Megan Aujla is an Atlanta-based multidisciplinary artist working across painting and fiber. Before returning fully to her art practice, she worked as a CPA at a Big Four accounting firm — an experience that continues to shape her interest in the tension between structure and unraveling, precision and intuition.
Her work moves between realism and abstraction, often combining layered color, tactile surfaces, and textile influences with imagery drawn from memory, travel, femininity, and personal experience. Influenced by contemporary abstraction, textile traditions, and a lifelong fascination with material and process, Aujla creates works that feel immersive, emotionally charged, and physically alive.
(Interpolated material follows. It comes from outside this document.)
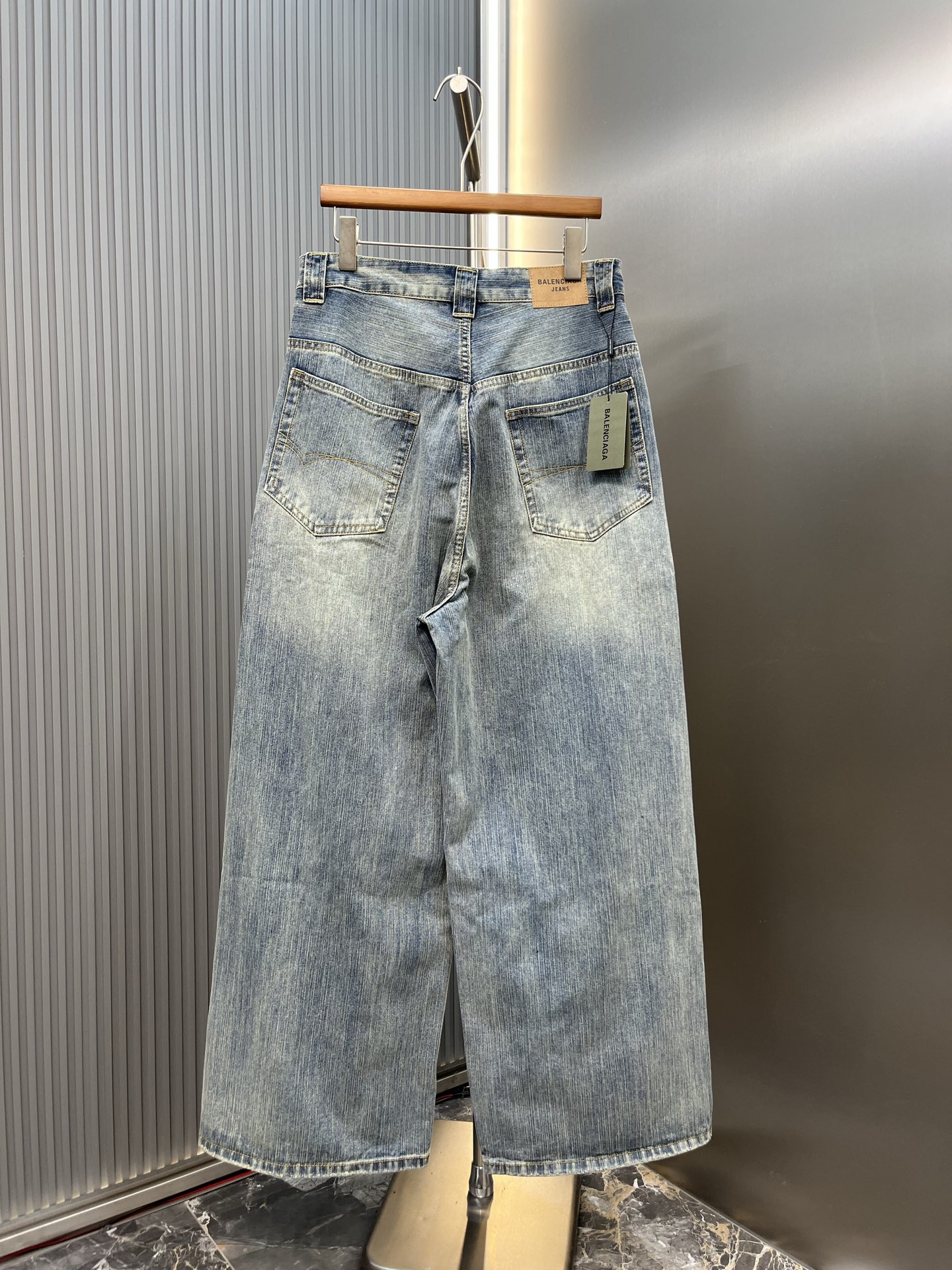 Balenciaga Balenciaga jeans刺绣牛仔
Whether weaving, tufting, painting, or drawing, she is drawn to the balance between control and chaos — creating compositions that reveal themselves slowly through texture, contrast, and accumulated detail. Her work invites prolonged looking, offering shifting moments of beauty, tension, softness, and complexity.
Artist Statement
I am interested in the space where control begins to unravel — where softness, structure, beauty, and tension exist at the same time. Through painting and fiber, I build layered works that shift between precision and instinct, realism and abstraction.
Texture and material play a central role in my practice. Fiber allows for movement, accumulation, and physical depth, while painting gives me the ability to create atmosphere, contrast, and moments of clarity. Though the mediums differ, both are rooted in repetition, layering, and a tactile relationship to process.
Influenced by travel, textile traditions, contemporary abstraction, and the emotional power of color, I create works that reveal themselves slowly. I want the viewer to feel drawn in first by beauty and atmosphere, then held there by complexity, contradiction, and discovery.